Worcestershire Record No. 22 April 2007 p. 8

RECORDING WORCESTERSHIRE’S BREEDING BIRDS – UPDATE

Patrick Taylor

We have been collecting records for Worcestershire’s most threatened breeding birds (red-list and amber-list) since 2004. We are concentrating on declining species and we are only looking for records with some evidence of possible breeding (e.g. song, carrying nest material, feeding juveniles etc.).

The aim of the survey is to provide WBRC with potential breeding sites for all declining (red-list and amber-list) birds as part of the ecological data provided to local authorities and other clients. We have a simplified recording form concentrating on nine relatively easily identified species (included with this edition of Worcestershire Record) , however there is a more comprehensive form on the WBRC web site www.wbrc.org.uk

By this time last year, after two seasons of recording, my article in Worcestershire Record no.20 still painted a fairly dismal picture of our knowledge of breeding birds. However this seems to have encouraged more recorders to contribute, and with further help from the Vision Mapping Project, 2006 was a very successful year for recording breeding birds.

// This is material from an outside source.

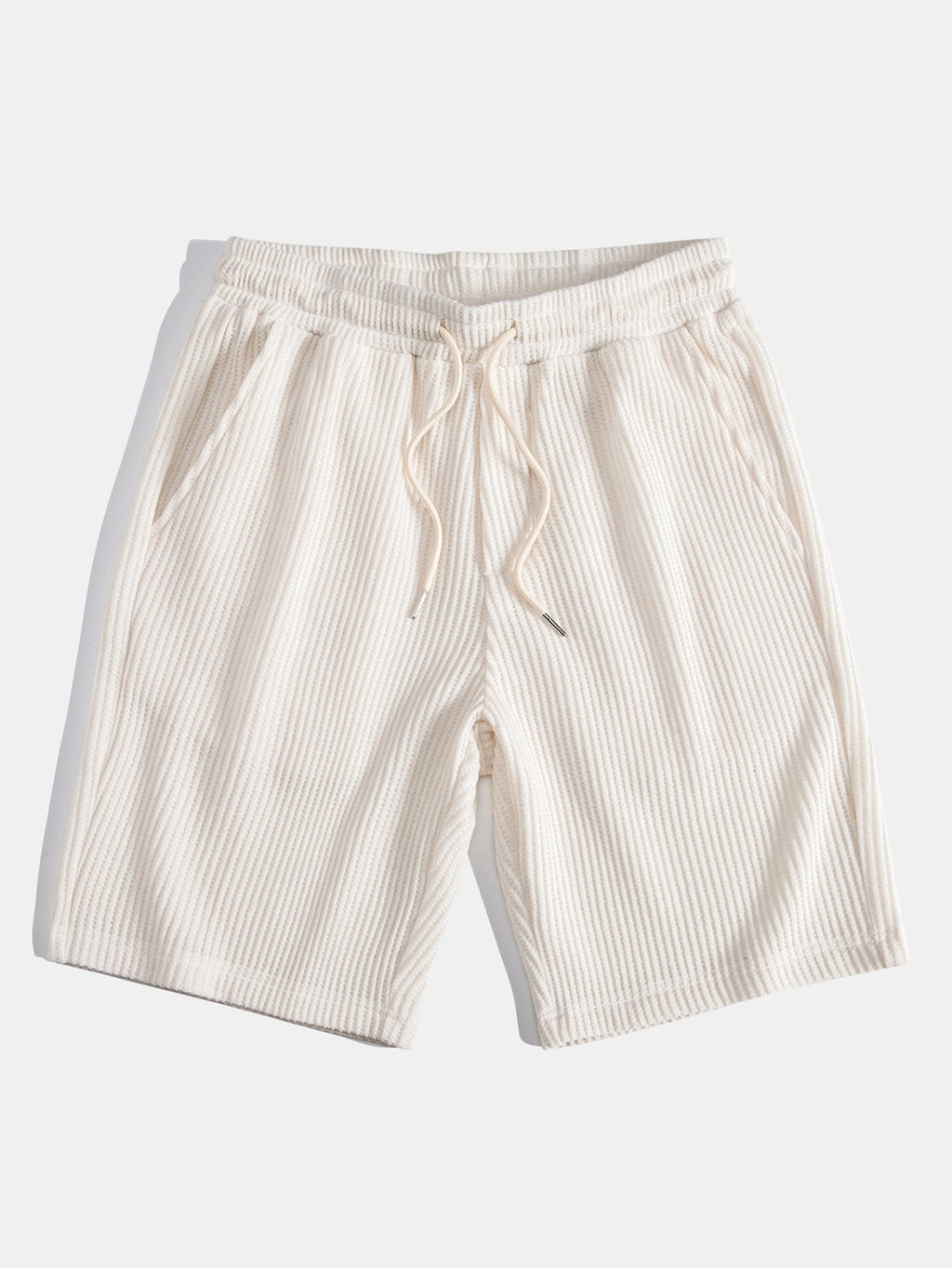 Pantalones cortos de punto beige con cordón y cintura elástica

By Worcestershire Record no.21 in November, we had increased our records fourfold to more than 1600 and I was able to show progress with some “before and after” maps. During the winter, further records have been received and we now have more than 1800 records. I haven’t reproduced updates for all of the maps but the overall species diversity maps comparing records received in April 2006 with records received now are reproduced side by side below.

There are still swathes of Worcestershire with no records at all, and still more with just one or two species. There are certainly a few squares with none of the target species present, but there is no doubt we need a lot more records. Also, it must be remembered that this is not a distribution atlas – we need to know about all sites within the square – the maps are just a way of reporting progress in the early stages.

WE STILL NEED MORE RECORDS!

Every record needs to include:

Species
Date
Grid Reference
Nearest place name on OS map
Activity Code (some evidence of breeding)
Your contact details

Ideally, we would prefer forms to be submitted by email – forms can be downloaded from www.wbrc.org.uk and records should be returned to birdrecords@wbrc.org.uk

If you prefer paper, we will still accept your records by post to WBRC at Lower Smite Farm (see back cover for full postal address).

If you have records from previous seasons (back to 2004) it is never too late to submit them!

As you read this, we are already well into the breeding season (we define the breeding season as 1st April – 31st July) so please start recording!